* WORK REQUEST: Please print the entries below exactly, from the line with "Family Therapy Counseling" through the line with "Notgeld Neustadt in", including both of those lines and leaving out all others.

* RECORDS FOR THE EXERCISE:

* * * *

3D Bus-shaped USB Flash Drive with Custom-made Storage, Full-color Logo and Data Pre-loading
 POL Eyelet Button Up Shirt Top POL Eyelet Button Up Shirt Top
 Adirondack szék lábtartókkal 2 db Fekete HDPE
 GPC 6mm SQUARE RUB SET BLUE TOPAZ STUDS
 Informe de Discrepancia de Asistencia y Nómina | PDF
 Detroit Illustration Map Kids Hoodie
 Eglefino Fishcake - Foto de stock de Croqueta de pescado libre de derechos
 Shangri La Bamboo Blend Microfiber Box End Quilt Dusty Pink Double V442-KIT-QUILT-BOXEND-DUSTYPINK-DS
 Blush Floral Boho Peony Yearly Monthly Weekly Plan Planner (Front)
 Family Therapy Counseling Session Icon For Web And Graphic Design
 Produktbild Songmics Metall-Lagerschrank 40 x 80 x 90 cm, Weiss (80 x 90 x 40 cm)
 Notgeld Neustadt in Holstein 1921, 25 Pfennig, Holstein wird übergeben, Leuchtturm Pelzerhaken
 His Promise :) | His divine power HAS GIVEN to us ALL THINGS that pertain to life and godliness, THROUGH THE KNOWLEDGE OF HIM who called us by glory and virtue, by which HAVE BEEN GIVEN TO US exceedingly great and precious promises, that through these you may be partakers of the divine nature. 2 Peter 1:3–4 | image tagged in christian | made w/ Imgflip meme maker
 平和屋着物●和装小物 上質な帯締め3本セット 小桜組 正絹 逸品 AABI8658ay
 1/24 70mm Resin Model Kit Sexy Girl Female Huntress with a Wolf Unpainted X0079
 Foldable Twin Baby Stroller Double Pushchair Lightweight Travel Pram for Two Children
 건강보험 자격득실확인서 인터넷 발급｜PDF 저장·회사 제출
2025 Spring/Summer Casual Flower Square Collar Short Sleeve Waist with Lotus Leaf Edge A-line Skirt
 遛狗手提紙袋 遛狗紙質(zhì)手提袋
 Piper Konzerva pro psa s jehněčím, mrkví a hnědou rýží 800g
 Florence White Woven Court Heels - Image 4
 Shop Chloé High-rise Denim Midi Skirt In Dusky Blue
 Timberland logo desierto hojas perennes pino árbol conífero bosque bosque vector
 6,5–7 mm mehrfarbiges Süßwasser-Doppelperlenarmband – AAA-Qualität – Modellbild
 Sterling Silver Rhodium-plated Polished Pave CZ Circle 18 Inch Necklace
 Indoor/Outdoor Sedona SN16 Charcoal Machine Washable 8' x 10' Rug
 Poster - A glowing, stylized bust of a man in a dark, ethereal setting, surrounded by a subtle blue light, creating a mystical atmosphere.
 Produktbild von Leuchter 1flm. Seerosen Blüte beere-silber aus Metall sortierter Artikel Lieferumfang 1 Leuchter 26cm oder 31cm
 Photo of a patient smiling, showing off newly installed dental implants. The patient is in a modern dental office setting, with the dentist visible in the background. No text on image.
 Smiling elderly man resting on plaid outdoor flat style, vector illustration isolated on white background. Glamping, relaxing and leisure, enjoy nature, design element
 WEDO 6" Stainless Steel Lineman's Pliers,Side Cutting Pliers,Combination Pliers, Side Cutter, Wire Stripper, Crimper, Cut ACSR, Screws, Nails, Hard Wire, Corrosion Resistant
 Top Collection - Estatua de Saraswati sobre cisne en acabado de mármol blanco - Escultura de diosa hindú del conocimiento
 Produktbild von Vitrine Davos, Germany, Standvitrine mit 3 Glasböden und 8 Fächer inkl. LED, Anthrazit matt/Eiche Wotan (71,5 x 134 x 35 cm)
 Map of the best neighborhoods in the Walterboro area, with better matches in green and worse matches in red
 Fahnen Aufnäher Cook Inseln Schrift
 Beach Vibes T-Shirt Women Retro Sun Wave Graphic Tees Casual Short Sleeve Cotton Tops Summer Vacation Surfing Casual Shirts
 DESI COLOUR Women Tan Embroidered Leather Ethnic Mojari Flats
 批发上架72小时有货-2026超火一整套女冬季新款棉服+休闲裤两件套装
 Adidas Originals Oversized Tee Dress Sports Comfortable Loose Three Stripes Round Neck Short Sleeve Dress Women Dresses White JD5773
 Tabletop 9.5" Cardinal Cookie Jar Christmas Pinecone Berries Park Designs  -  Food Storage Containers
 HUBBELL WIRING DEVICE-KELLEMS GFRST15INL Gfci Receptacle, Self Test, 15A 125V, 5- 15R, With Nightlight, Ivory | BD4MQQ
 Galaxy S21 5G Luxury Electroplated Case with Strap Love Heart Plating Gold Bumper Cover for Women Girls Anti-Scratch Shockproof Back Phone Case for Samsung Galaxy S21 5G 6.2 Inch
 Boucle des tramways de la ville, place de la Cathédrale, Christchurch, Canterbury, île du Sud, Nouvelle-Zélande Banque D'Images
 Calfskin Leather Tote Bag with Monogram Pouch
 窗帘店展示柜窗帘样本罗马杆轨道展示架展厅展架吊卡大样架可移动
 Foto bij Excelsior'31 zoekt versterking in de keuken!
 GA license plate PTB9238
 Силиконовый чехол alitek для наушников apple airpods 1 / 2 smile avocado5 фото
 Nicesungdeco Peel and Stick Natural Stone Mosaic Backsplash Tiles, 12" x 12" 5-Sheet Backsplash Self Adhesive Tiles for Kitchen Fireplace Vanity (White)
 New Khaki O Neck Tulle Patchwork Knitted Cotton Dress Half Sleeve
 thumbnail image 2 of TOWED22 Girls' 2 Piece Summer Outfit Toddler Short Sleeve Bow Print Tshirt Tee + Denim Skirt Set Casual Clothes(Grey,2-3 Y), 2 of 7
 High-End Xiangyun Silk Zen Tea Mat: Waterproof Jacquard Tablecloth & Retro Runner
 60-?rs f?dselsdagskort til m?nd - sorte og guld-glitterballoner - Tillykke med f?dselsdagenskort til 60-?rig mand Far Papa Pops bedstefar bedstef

* * * *

* ANSWER BOX:
 Family Therapy Counseling Session Icon For Web And Graphic Design
 Produktbild Songmics Metall-Lagerschrank 40 x 80 x 90 cm, Weiss (80 x 90 x 40 cm)
 Notgeld Neustadt in Holstein 1921, 25 Pfennig, Holstein wird übergeben, Leuchtturm Pelzerhaken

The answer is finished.